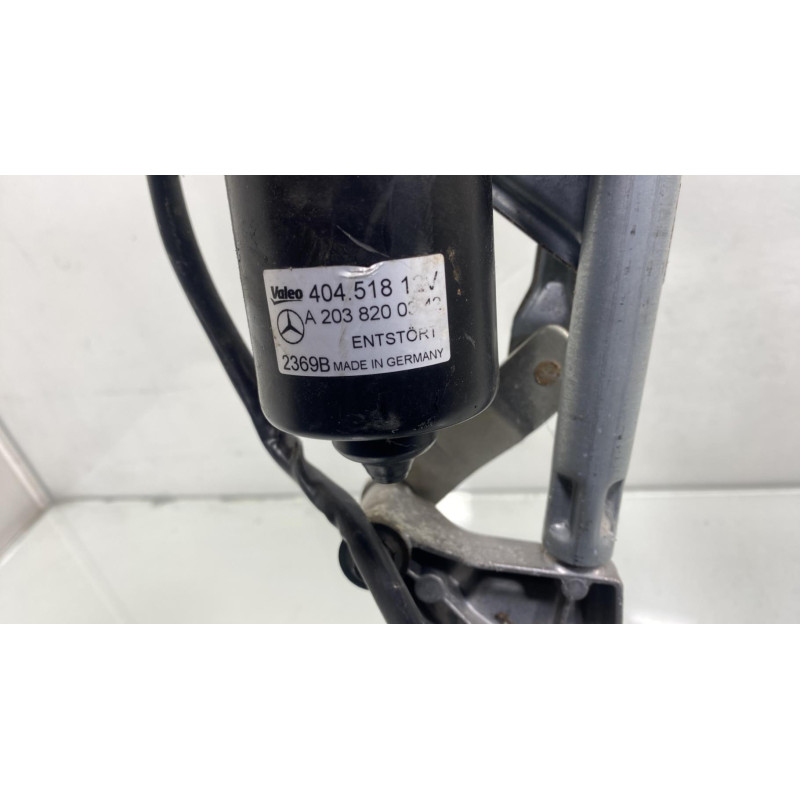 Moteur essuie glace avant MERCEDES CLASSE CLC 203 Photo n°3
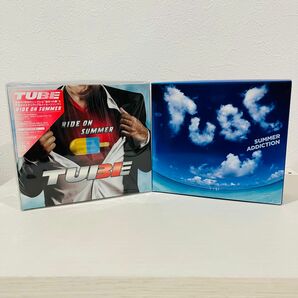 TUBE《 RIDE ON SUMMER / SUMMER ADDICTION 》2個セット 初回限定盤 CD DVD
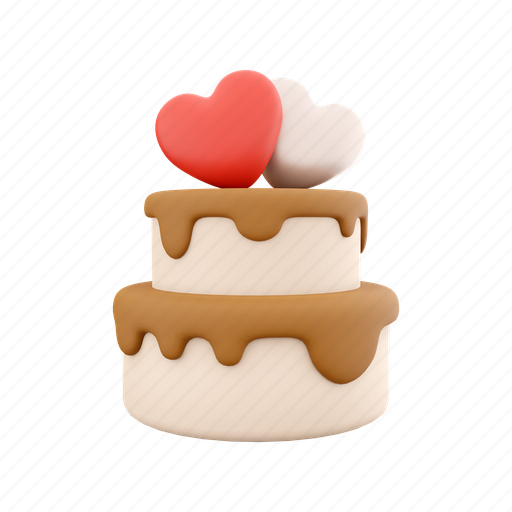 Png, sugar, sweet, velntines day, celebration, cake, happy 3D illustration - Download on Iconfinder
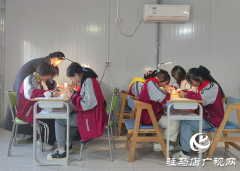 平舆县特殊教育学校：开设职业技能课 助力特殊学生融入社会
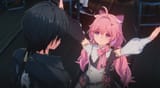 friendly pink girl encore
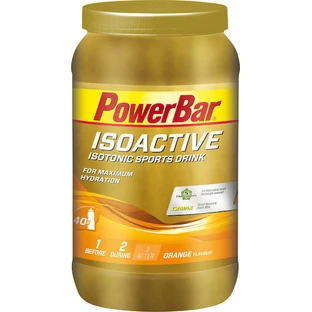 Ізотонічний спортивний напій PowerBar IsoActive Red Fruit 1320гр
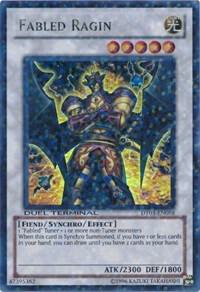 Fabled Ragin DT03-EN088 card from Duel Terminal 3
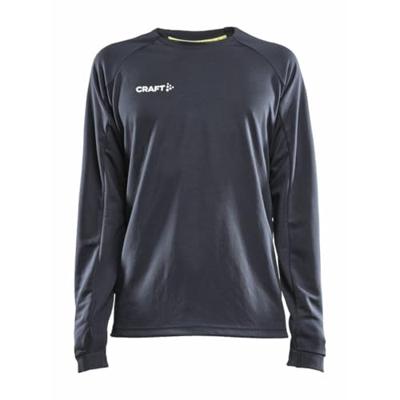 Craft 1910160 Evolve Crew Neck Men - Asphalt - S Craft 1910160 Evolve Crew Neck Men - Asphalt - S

--

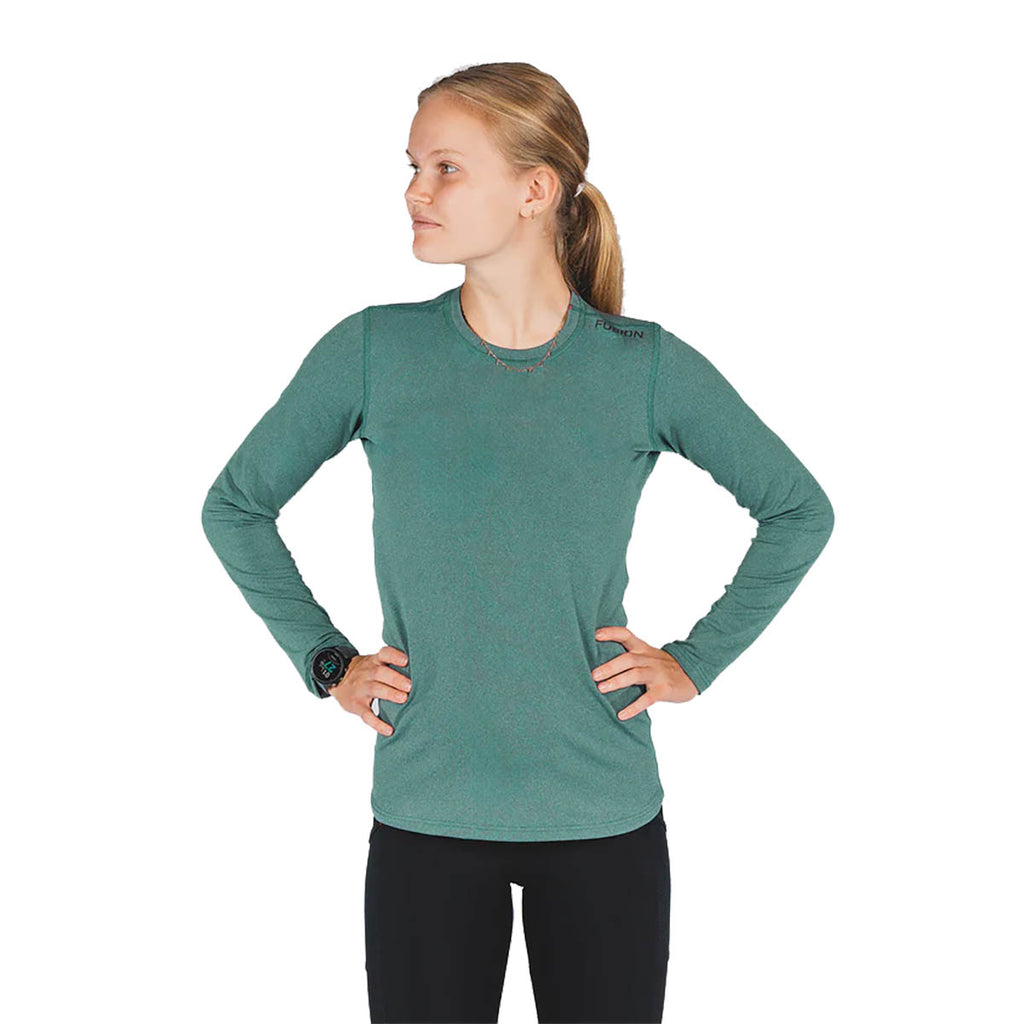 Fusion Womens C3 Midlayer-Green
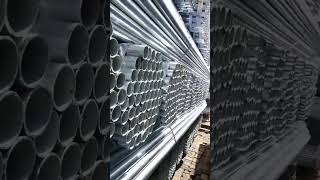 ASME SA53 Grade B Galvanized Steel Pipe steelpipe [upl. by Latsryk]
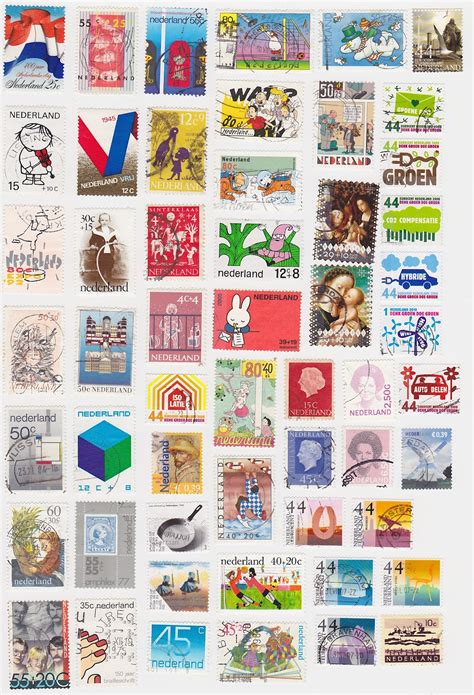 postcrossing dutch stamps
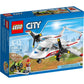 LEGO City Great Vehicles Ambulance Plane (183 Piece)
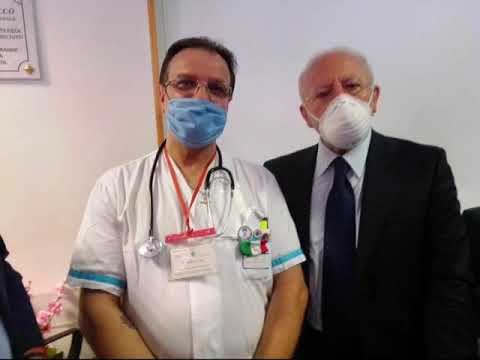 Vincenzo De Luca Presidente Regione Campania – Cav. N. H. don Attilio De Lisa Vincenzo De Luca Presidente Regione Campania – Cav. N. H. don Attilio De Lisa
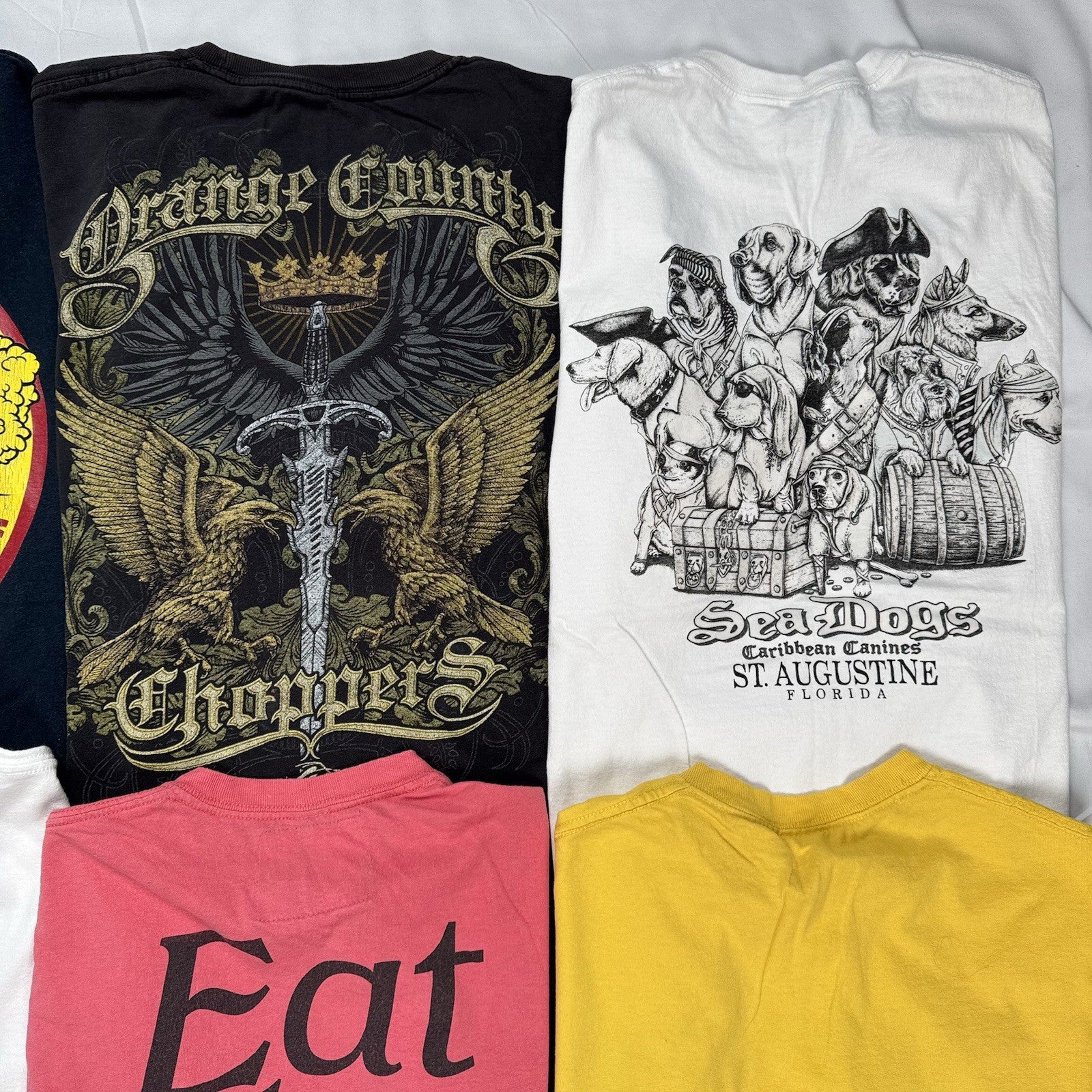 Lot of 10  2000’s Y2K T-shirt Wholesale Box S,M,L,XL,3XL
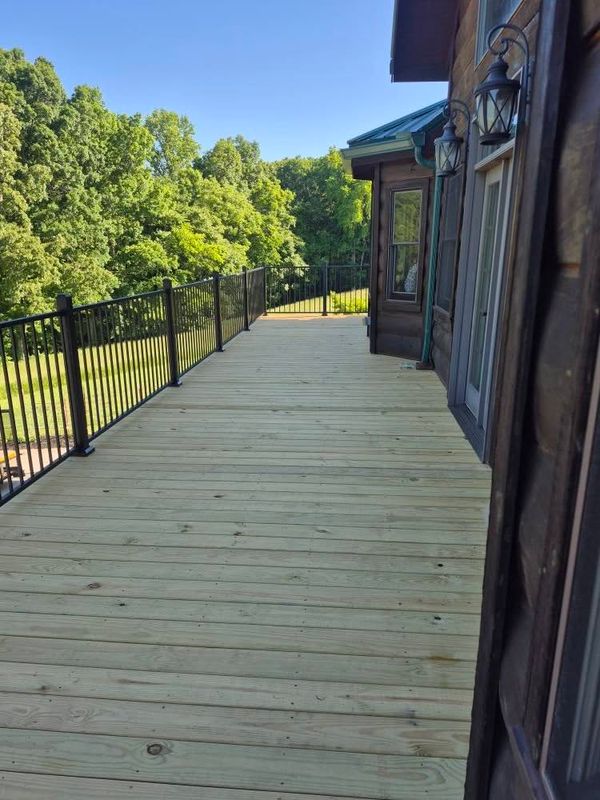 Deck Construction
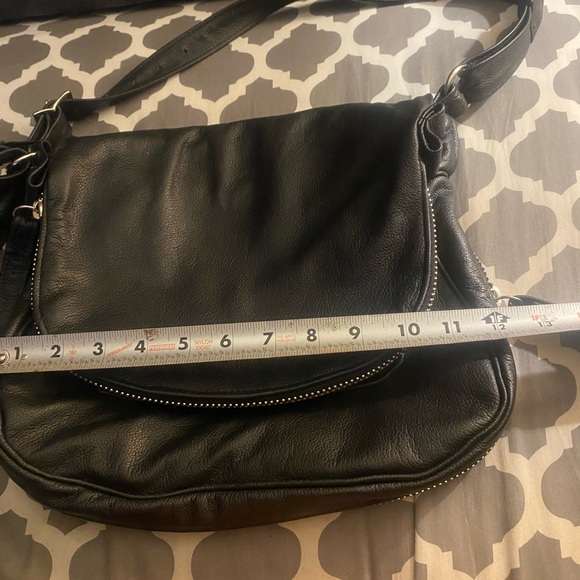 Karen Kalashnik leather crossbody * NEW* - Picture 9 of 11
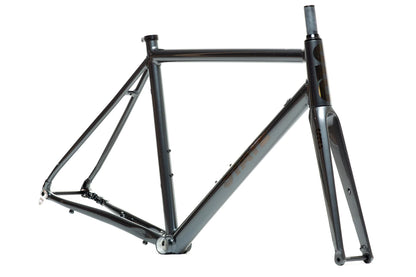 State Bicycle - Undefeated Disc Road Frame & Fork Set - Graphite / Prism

● **Problem requirements**
Would you write out exactly the lines above, starting at the line containing "De Lisa Vincenzo" and stopping after the line containing "Deck Construction"? Omit the pictures.

● **Response**
 Vincenzo De Luca Presidente Regione Campania – Cav. N. H. don Attilio De Lisa Vincenzo De Luca Presidente Regione Campania – Cav. N. H. don Attilio De Lisa
 Lot of 10  2000’s Y2K T-shirt Wholesale Box S,M,L,XL,3XL
 Deck Construction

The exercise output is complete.